Produce word for word the lines of the data below running from the one that has "Set of Six Eames" to the one that has "618x457 pixels (135K)", inclusive, and no others.
Start of MATERIAL FOR THIS EXERCISE
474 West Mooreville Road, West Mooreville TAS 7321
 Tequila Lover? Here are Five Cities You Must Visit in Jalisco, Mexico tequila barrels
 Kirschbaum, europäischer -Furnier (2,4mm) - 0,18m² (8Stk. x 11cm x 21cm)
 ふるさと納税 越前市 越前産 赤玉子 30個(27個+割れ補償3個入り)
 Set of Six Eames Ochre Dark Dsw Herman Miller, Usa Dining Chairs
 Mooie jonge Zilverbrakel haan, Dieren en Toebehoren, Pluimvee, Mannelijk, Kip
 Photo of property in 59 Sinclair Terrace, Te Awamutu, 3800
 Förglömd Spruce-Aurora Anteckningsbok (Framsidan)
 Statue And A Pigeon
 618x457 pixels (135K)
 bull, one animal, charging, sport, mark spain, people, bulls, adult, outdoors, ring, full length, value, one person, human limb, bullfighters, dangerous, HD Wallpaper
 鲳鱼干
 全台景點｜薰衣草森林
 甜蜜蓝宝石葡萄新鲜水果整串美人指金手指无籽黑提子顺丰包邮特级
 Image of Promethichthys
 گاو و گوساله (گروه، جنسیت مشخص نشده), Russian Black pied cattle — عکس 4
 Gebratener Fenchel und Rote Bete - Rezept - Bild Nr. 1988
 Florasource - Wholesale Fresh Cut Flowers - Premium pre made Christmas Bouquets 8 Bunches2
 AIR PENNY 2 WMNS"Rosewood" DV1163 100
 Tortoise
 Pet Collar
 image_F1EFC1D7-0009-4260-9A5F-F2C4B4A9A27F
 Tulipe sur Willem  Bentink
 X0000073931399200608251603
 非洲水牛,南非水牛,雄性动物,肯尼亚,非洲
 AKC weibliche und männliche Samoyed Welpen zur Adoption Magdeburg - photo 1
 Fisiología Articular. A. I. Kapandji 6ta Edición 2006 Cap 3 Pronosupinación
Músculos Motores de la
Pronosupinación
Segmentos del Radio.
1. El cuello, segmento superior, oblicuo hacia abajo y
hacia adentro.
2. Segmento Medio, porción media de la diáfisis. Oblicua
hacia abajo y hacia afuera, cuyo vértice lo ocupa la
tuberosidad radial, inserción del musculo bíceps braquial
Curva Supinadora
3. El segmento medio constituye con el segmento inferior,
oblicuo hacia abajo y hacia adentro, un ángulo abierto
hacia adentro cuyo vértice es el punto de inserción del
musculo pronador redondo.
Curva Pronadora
End of MATERIAL FOR THIS EXERCISE
[PROBLEM SOLUTION]
 Set of Six Eames Ochre Dark Dsw Herman Miller, Usa Dining Chairs
 Mooie jonge Zilverbrakel haan, Dieren en Toebehoren, Pluimvee, Mannelijk, Kip
 Photo of property in 59 Sinclair Terrace, Te Awamutu, 3800
 Förglömd Spruce-Aurora Anteckningsbok (Framsidan)
 Statue And A Pigeon
 618x457 pixels (135K)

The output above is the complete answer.